──────── Material shown ────────

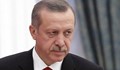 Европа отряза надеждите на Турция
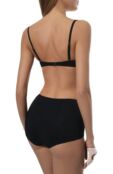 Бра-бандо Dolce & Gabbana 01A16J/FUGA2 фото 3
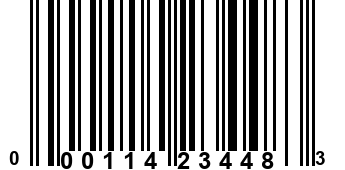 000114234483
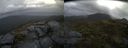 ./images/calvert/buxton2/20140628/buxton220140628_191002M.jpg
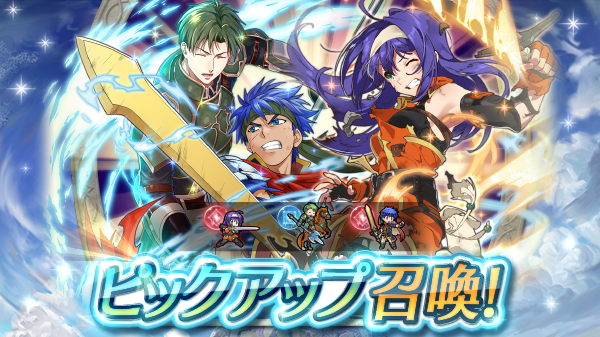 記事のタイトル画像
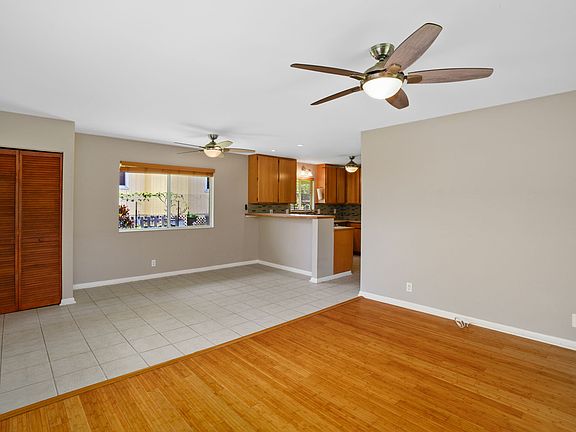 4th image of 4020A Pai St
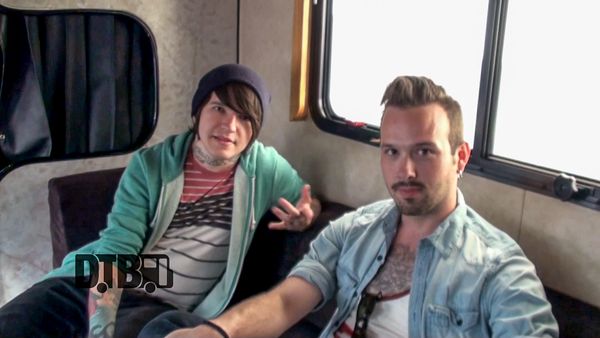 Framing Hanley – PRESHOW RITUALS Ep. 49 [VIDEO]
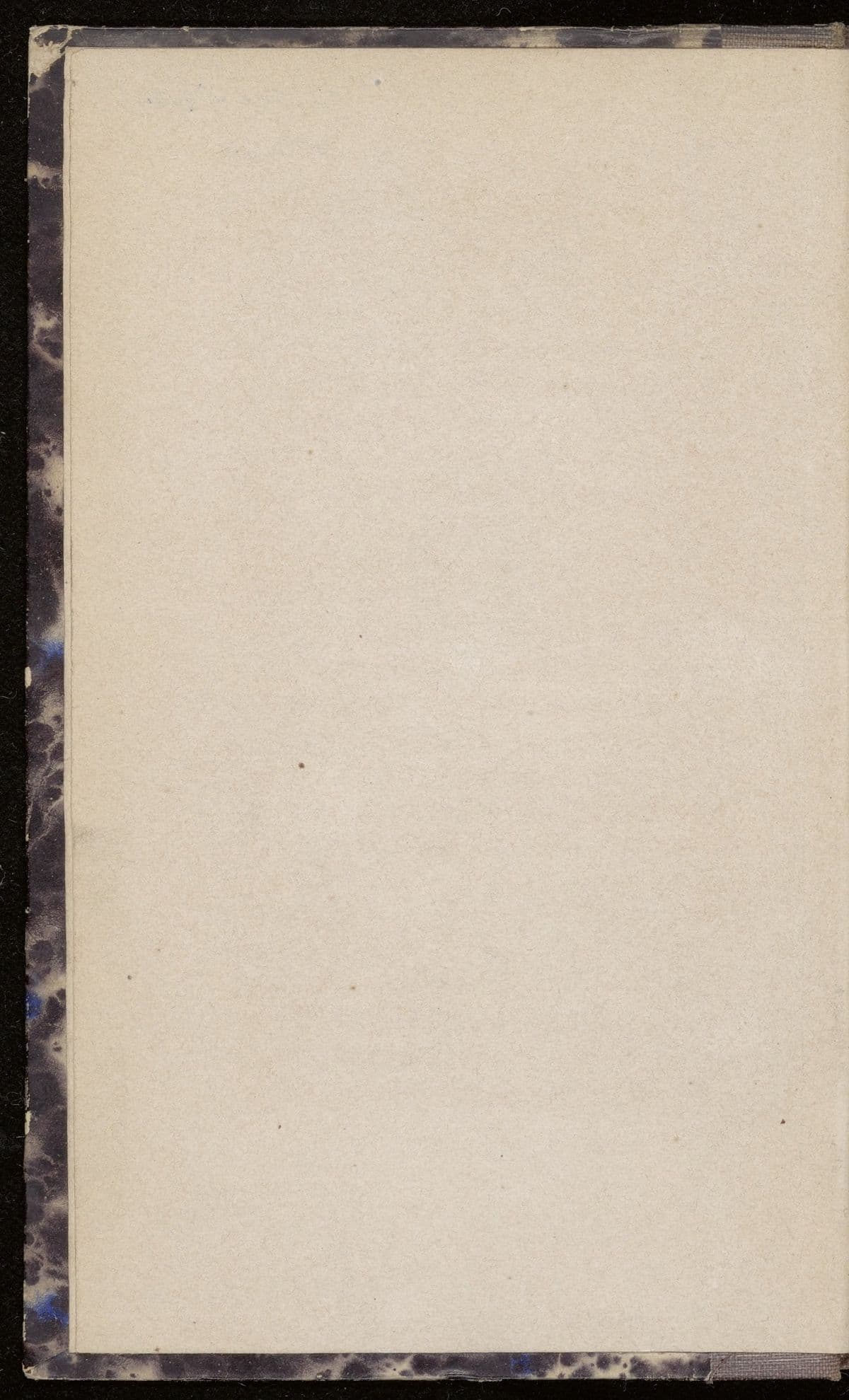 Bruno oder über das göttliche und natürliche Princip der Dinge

────────
──────── Material shown ────────

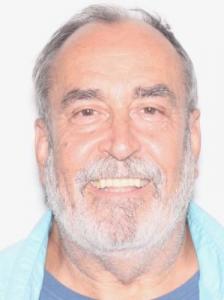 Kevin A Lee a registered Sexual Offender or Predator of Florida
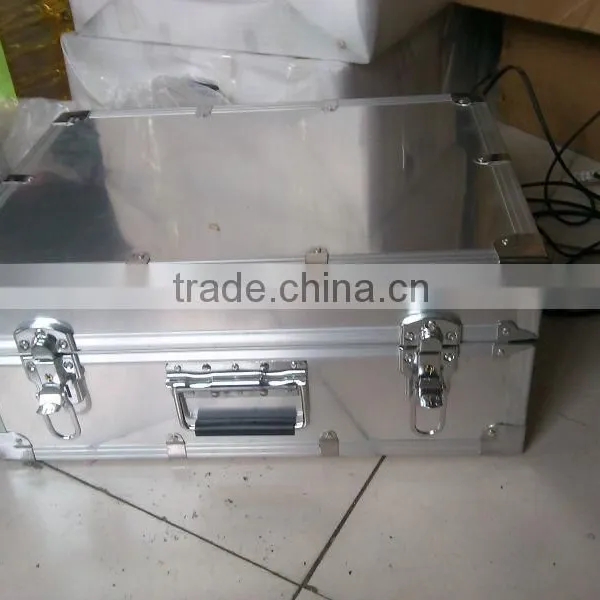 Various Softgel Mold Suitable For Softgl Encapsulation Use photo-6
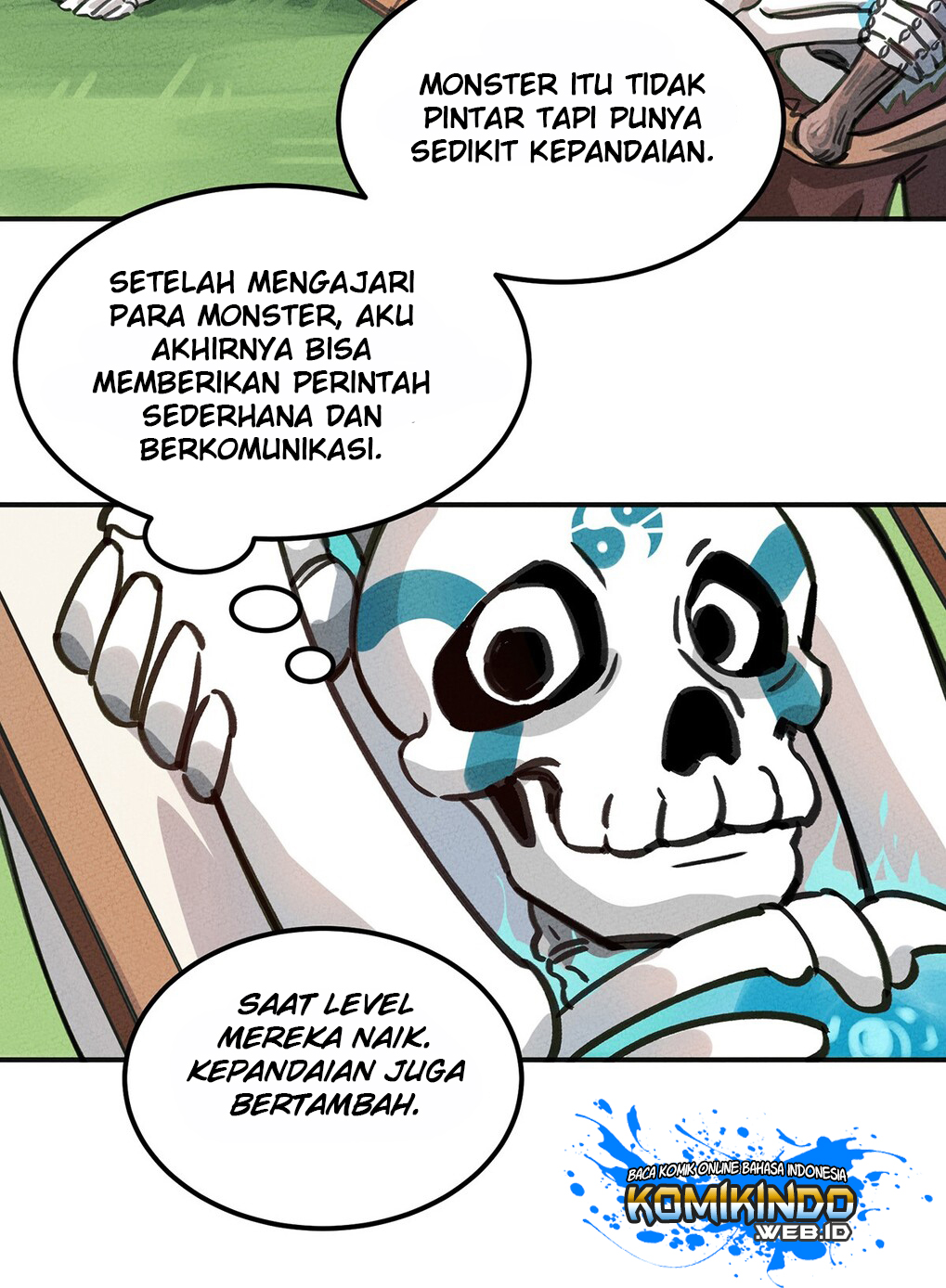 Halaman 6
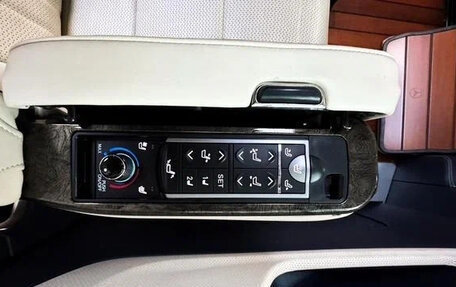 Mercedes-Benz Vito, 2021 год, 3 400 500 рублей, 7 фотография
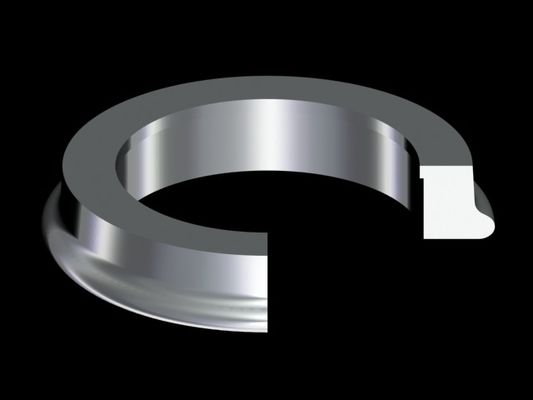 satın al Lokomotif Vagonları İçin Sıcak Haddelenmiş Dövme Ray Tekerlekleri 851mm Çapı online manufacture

────────
──────── Material shown ────────

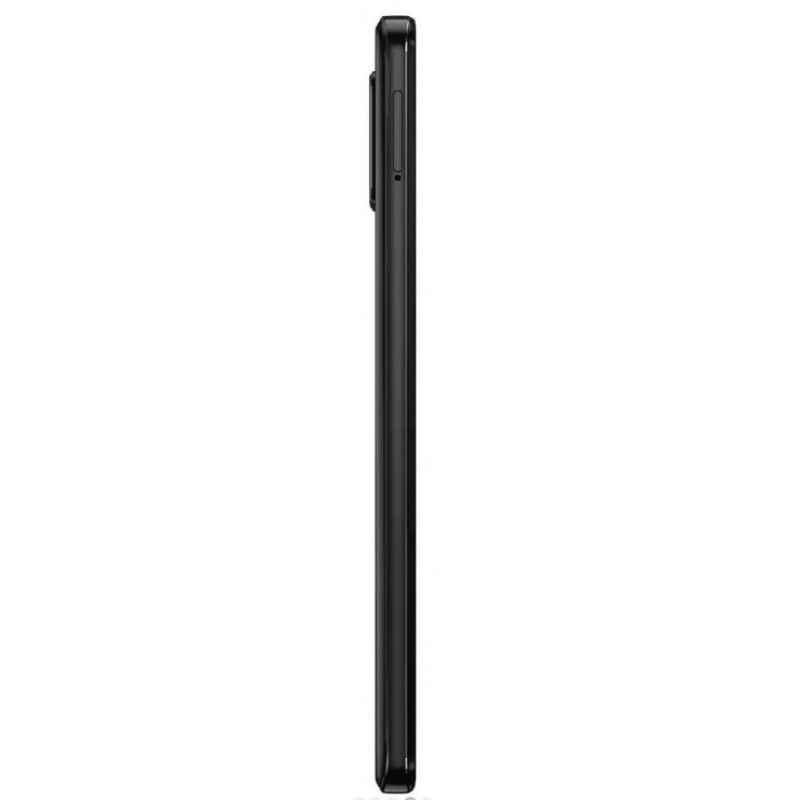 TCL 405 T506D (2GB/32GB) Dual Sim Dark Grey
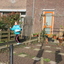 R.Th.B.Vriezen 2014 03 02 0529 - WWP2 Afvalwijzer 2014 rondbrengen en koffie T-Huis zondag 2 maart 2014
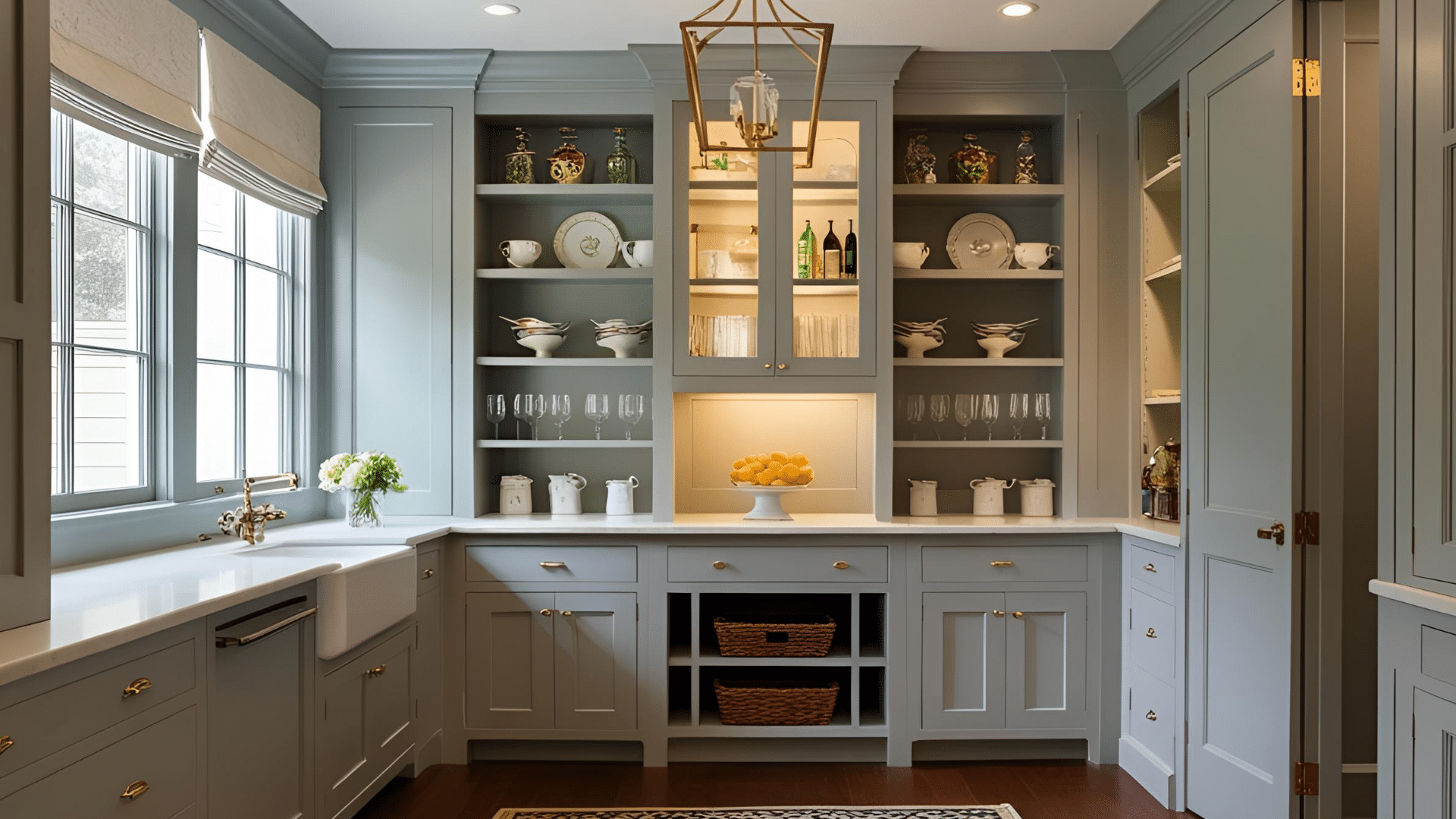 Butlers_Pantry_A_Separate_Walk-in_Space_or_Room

────────

§ What the task asks: Beginning at the line above that contains "Европа отряза надеждите на Турция" and going on through the line that contains "Bruno oder über", please copy every line exactly, leaving the pictures out and adding nothing.

§ Response to the task:
 Европа отряза надеждите на Турция
 Бра-бандо Dolce & Gabbana 01A16J/FUGA2 фото 3
 000114234483
 ./images/calvert/buxton2/20140628/buxton220140628_191002M.jpg
 記事のタイトル画像
 4th image of 4020A Pai St
 Framing Hanley – PRESHOW RITUALS Ep. 49 [VIDEO]
 Bruno oder über das göttliche und natürliche Princip der Dinge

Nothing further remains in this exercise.